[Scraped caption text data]
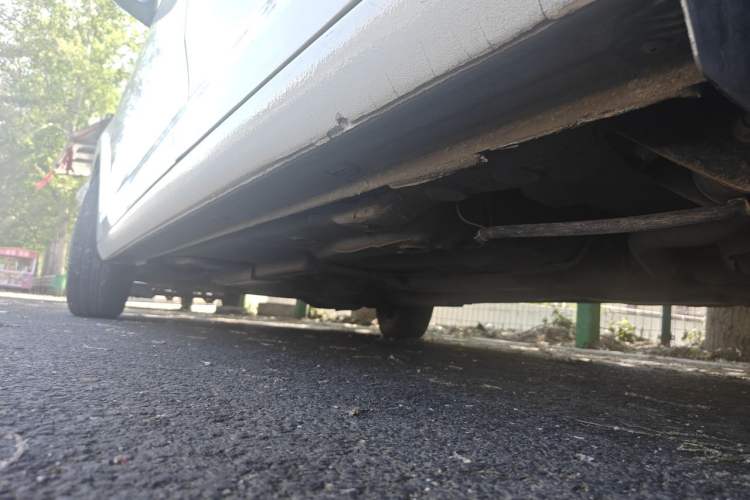 Used Volkswagen Santana 2016 1.4L Manual Fashion Edition Chassis Rear Left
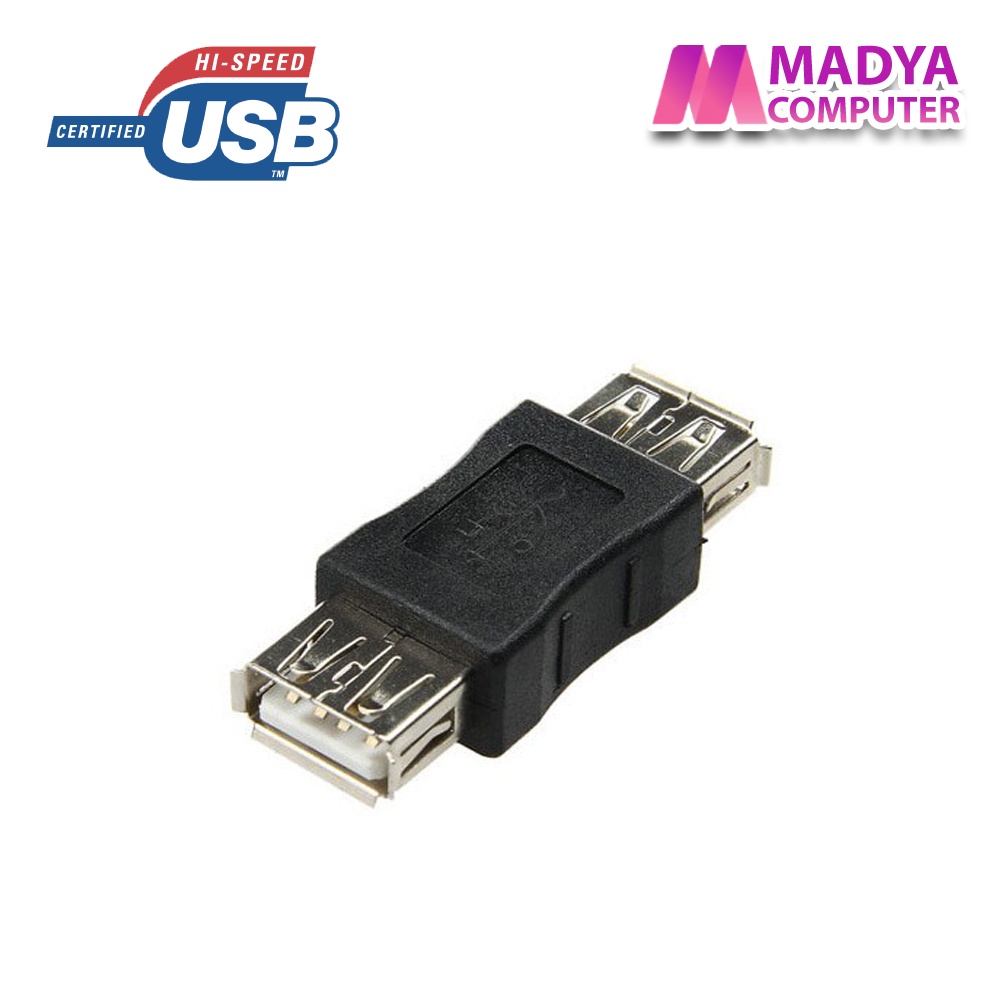 Af to AF USB Converter - Female to Female | Shopee Malaysia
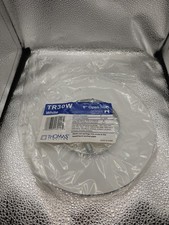 Thomas Lighting TR30W 6" open trim for general task lighting, white, 8"OD. K8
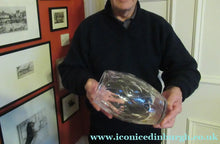 Load image into Gallery viewer, Large Stuart Crystal Cut Glass Vase after JOHN LUXTON. Height 8 1/2 inches. - VINTAGE CRYSTAL GLASSES
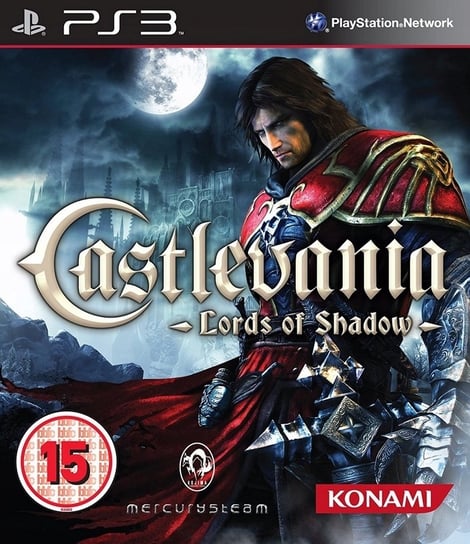 Castlevania: Lords of Shadows PS3 Mercury Steam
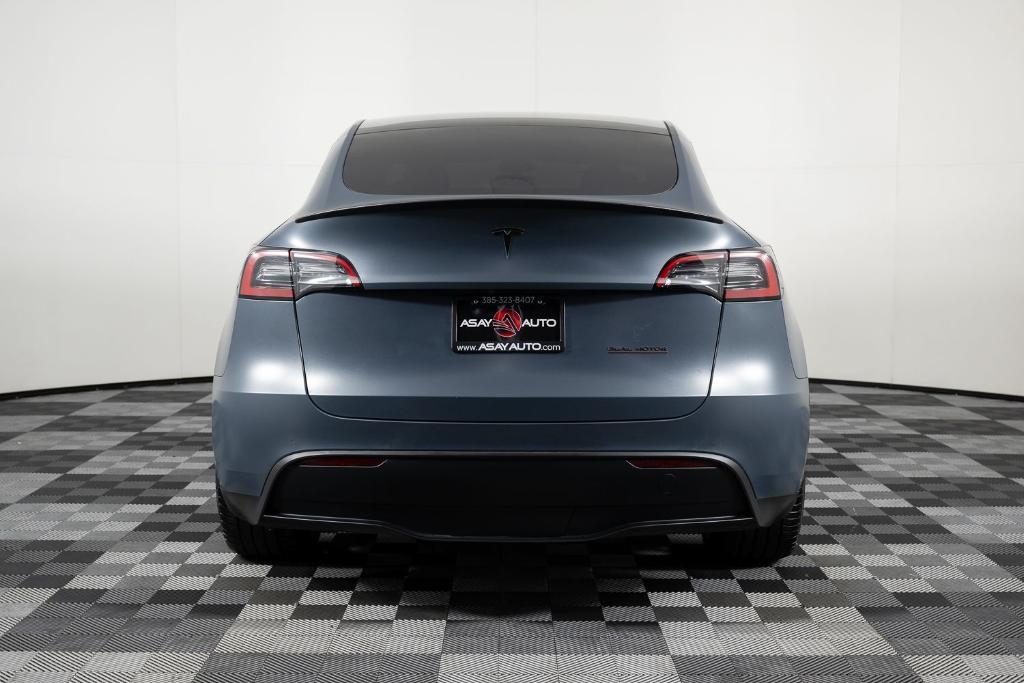 used 2022 Tesla Model Y car, priced at $30,495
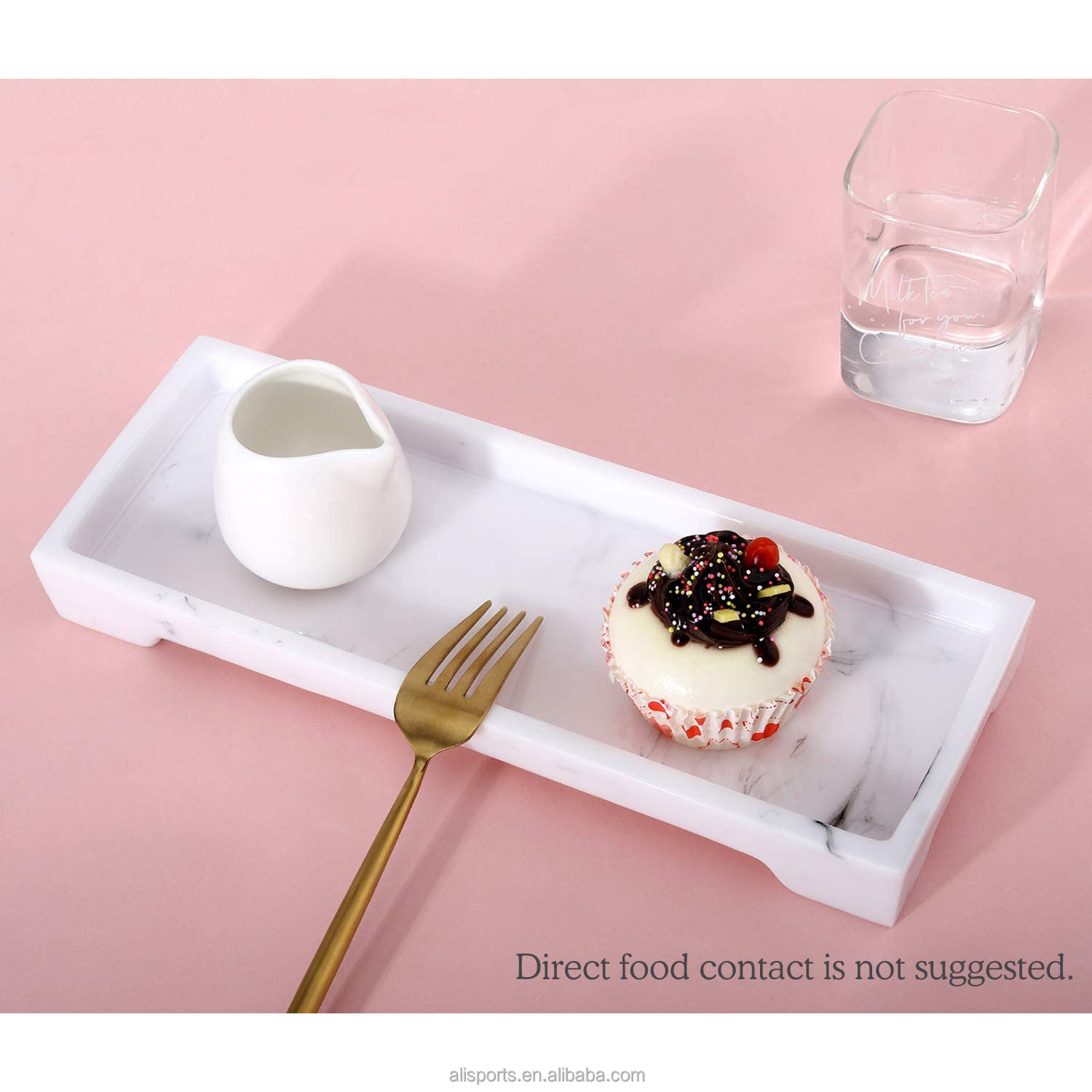Custom Design Decorative Resin Tray Manufacturer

EXERCISE
The records above need to be restated word for word, with the pictures left out.

ANSWER BOX
 Used Volkswagen Santana 2016 1.4L Manual Fashion Edition Chassis Rear Left
 Af to AF USB Converter - Female to Female | Shopee Malaysia
 Thomas Lighting TR30W 6" open trim for general task lighting, white, 8"OD. K8
 Load image into Gallery viewer, Large Stuart Crystal Cut Glass Vase after JOHN LUXTON. Height 8 1/2 inches. - VINTAGE CRYSTAL GLASSES
 Castlevania: Lords of Shadows PS3 Mercury Steam
 used 2022 Tesla Model Y car, priced at $30,495
Custom Design Decorative Resin Tray Manufacturer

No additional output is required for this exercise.